November 8, 2011
By Jim Jones
Special to the Star-Telegram
Dallas Pastor Robert Jeffress' labeling of Mitt Romney's Mormon faith as a non-Christian "theological cult" continues to draw sharp responses from religious leaders.
Newell Williams, president of Brite Divinity School at Texas Christian University, decried the use of cult and disputed Jeffress' view that Romney is not a Christian because he is a member of the Church of Jesus Christ of Latter-day Saints, the Mormon church....
William B. Lawrence, dean of the Perkins School of Theology at Southern Methodist University, disagreed with Jeffress' use of the word cult. However, he agrees that Mormonism is not Christian.

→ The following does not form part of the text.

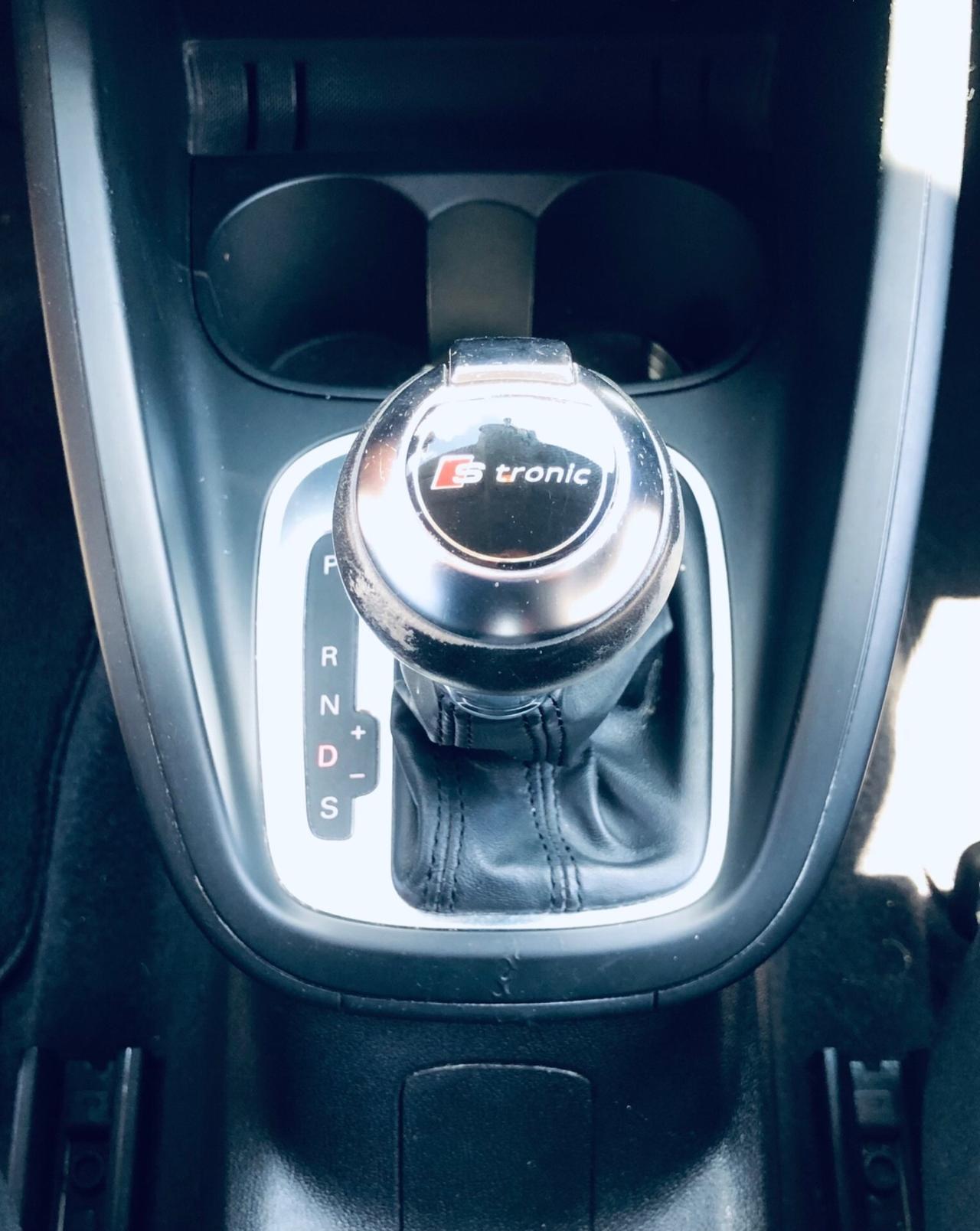 Audi A1 SPB 1.6 TDI S tronic Ambition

"We have no policy on Mormonism at Perkins, but my own judgment is that Mormonism is not, strictly speaking, a Christian community, because it operates with a different set of official texts and has a different understanding of the sacraments," Lawrence said. "Christians, for example, don't baptize the dead."
Mormonism, he said, is an interesting and complex religion that suffered intense persecution. In the 1890s, it gave up one of its most controversial practices -- polygamy -- and has now emerged as a world religion whose adherents practice a highly commendable sense of religious discipline, Lawrence said.
As an organized church, Mormonism began in a highly evangelized area of western New York, Lawrence said. Mormons believe that in 1823 their prophet and founder, Joseph Smith Jr., had a vision of Jesus and God and was directed by the angel Moroni to thin gold plates with text written in an ancient language, which, when translated by Smith, became the Book of Mormon.
"I'm not suggesting others should see this comparison, but Mormonism as a religious community has a lot of similarity to Islam," Lawrence said. He noted that both faiths "grew out of a religious context that included the acceptance of the Christianity of Jesus, that incorporated many of the stories of Jesus, but claimed to have a later text of superior quality that superseded Christian texts."
Both faiths accept certain teachings of the Bible but had "specific revelations to a specific prophet," Lawrence said.
Islam's origin as an organized faith group dates to A.D. 610, when Muslims believe that the prophet Muhammad began receiving revelations of the Quran, the holy book of Islam.
"I'm not suggesting that Mormons view Joseph Smith the same way that Muslims view Muhammad, but there are certain objective similarities," Lawrence said.